I am guessing that my mother was NF2 - she had vestibular or acoustic shwanomas and also a meningioma at the brain stem. Her last 15 years of life were dramatically different than all those preceding, based largely on the fact that she had these transient attacks with facial paralysis and drooping on one side, poor comprehension and difficulty in speaking and comprehension. MRI's during these showed no incidence of TIA and she went on largely regarded as having psychological problems. This was odd for a very high functioning and social person with no history of psychological disfunction.
Nothing was done to intervene with the shwanomas or meningioma...they were observed and growing but as is typical, slowly.
This past week I had a very sudden vestibular attack with extreme vertigo and unrelenting vomiting. I was treated with meclazine to relieve the symptoms, and feel better, but not good. I am wondering if, in light of this and my mother's history, there would be a benefit in gene testing?

[arizonajack]

Gene testing is certainly an option and it's up to you if you want it.

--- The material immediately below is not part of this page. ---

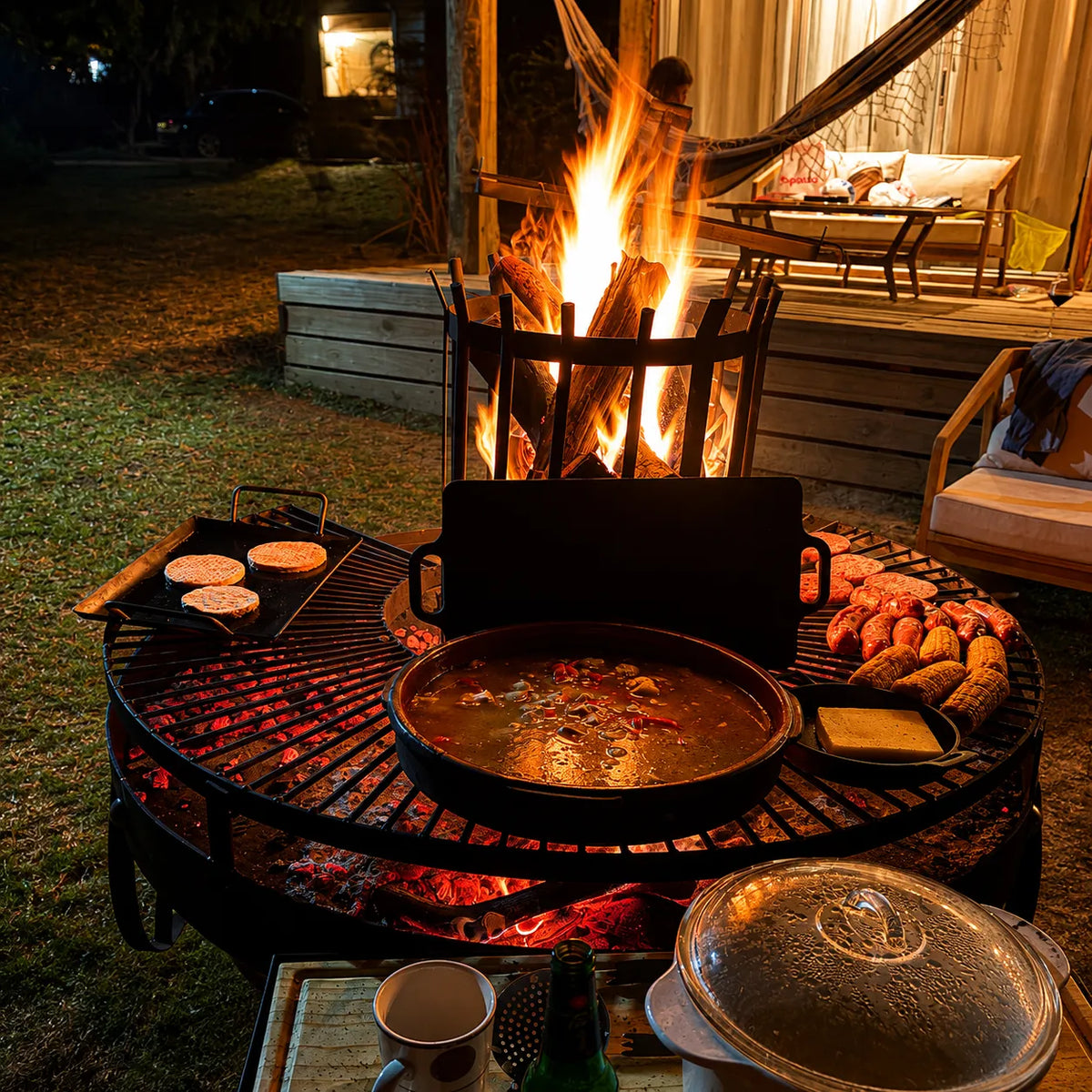 Fogón Criollo 120 encendido de noche, con la brasa pareja y varias piezas sobre la parrilla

However, I'd put that on the back burner and try to figure out exactly what caused your vertigo and vomiting.

An MRI could determine if you have a schwanoma or not and a variety of other tests could determine if some other medical condition caused the vertigo and vomiting.

[tinabean925]

Any updates NNANDA? I think an MRI is a good idea. You could have NF2 and this could tell even quicker than testing. And if that is what caused your illness it could be progressing! Take care of yourself before it gets worse. Good luck, hope to hear something back from you!

[gracey79]

My mother and I both went to a gene testing appointment together...hope your Dr. doesn't talk in circles...ours was literally reading about what an AN was in front of us...AFTER he told us not to have surgery or be radiated...but he is supposed to be awesome in the genetic field.  My mother had the blood drawn about a week ago, it is supposed to take 6-8 weeks to do all the testing.  Due to my insurance having to approve the testing, they are  dealing with getting approval and waiting for my mom's results to get back, then I am supposed to get a price break on the test because her testing will make it easier for them to do mine....I am currently a watch and wait..waiting.  Hope all goes well for you.

[BoedyGirl]

I got tested a few months ago and just got the results back after I had a 5 cm Acoustic Neuroma removed a year ago in August. I have what is called mosaic NF2 which means the mutated gene is only in part of the cells in my body rather then my entire body which is a good thing overall. I am grateful to know because now I will be given MRI scans at least once a year for the rest of my life and I will be able to catch any tumors while they are small. I would get tested for sure if I were you. Good luck!